Growing up, I was fed the words of wisdom “Don’t judge if you don’t want to be judged.” Now I’m convinced that idea in itself is inhumane. Some inhumane thoughts you conquer through practice and discipline, like doing good to others. But this one I doubt can fully overcome.

I’m curious to know what Gandhi was thinking when he smiled beatifically at the enemy. Was he actually thinking, “You don’t look like much of a mean bastard in those silly pants, fool”? Or was Mother Theresa muttering to herself, “What kind of wench would have the heart to abandon her children?” as she picked up the dead bodies of kids on the streets of Calcutta? Closer to our own reality, how do we Indonesians judge as we watch the recent shenanigans of corruption in all its various forms in daily TV news reports?

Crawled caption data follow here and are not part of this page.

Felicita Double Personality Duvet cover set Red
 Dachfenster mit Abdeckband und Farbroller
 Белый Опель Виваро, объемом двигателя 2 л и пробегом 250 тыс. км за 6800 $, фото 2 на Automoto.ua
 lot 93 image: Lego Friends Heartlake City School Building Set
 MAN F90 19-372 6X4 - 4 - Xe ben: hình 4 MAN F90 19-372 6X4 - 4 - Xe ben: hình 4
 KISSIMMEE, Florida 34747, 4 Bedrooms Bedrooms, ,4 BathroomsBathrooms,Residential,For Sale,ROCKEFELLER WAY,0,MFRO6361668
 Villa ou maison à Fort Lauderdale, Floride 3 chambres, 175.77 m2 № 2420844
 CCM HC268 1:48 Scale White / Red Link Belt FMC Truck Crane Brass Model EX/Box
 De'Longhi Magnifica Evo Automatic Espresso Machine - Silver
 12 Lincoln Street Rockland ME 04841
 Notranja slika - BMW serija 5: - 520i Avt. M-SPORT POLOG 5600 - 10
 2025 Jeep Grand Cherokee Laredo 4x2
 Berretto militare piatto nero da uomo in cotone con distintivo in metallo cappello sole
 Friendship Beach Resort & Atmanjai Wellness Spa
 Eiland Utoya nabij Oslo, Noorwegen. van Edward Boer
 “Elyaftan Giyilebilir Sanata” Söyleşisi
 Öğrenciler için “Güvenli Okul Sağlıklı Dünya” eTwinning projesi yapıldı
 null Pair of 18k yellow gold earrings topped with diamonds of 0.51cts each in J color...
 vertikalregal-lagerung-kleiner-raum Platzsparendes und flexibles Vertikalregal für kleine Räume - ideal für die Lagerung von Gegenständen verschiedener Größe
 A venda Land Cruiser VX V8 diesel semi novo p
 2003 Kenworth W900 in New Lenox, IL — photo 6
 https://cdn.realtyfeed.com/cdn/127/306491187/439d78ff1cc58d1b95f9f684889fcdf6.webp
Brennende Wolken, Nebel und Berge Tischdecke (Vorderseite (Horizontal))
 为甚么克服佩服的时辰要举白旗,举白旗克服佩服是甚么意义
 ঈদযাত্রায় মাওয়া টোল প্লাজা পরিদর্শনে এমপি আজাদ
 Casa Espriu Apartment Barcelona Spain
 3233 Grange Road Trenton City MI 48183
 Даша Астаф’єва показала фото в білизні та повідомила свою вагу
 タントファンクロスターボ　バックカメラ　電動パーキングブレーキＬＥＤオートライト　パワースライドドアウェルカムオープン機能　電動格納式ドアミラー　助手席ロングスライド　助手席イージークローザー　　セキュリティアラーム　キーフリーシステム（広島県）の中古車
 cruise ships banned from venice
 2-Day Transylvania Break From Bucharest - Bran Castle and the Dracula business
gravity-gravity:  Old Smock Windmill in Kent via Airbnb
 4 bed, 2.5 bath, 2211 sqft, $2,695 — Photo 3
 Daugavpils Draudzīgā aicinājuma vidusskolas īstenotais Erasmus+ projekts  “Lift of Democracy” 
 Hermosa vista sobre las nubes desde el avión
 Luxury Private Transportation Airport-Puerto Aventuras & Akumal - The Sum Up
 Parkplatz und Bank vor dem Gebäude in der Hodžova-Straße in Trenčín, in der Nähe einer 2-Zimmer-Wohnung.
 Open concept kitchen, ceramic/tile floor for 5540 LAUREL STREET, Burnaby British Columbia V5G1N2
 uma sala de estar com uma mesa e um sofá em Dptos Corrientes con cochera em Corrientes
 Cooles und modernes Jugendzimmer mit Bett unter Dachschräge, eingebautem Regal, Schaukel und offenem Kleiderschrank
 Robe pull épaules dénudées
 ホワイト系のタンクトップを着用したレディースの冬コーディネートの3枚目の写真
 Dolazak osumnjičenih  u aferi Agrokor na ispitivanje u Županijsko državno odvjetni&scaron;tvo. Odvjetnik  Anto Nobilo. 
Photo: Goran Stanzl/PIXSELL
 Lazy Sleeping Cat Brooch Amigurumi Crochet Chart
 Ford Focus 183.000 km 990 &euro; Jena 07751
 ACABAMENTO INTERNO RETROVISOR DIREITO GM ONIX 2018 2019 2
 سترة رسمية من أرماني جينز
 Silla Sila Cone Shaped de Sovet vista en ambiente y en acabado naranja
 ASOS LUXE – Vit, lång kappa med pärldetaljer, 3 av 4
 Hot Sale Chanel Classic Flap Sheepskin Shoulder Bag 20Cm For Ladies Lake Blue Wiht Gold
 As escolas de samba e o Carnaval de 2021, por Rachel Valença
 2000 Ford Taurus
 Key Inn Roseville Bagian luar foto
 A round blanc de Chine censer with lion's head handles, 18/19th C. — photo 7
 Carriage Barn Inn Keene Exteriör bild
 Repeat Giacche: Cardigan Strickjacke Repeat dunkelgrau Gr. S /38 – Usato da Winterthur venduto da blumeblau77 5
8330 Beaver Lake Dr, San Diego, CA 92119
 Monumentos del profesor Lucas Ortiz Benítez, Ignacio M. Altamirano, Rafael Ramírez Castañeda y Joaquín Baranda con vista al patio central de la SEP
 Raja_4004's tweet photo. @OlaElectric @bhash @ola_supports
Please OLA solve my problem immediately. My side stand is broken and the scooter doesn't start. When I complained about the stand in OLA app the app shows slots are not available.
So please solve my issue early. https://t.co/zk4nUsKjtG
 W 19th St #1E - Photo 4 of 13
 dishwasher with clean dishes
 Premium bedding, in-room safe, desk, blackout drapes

To me, our combined inner thoughts echo through the universe: The source of every man’s success, and failure, is the woman behind him.

Again, forgive me for I have judged and will continue happily to do so. But please feel free to judge me. Deep down, I hope that the model couple’s union will last longer than the tenure of the current government. And I also hope I am wrong about that very same government, which, for the most part, I consider a group of gentlemen more afraid of their wives and mistresses than God and their constituents. There I go again.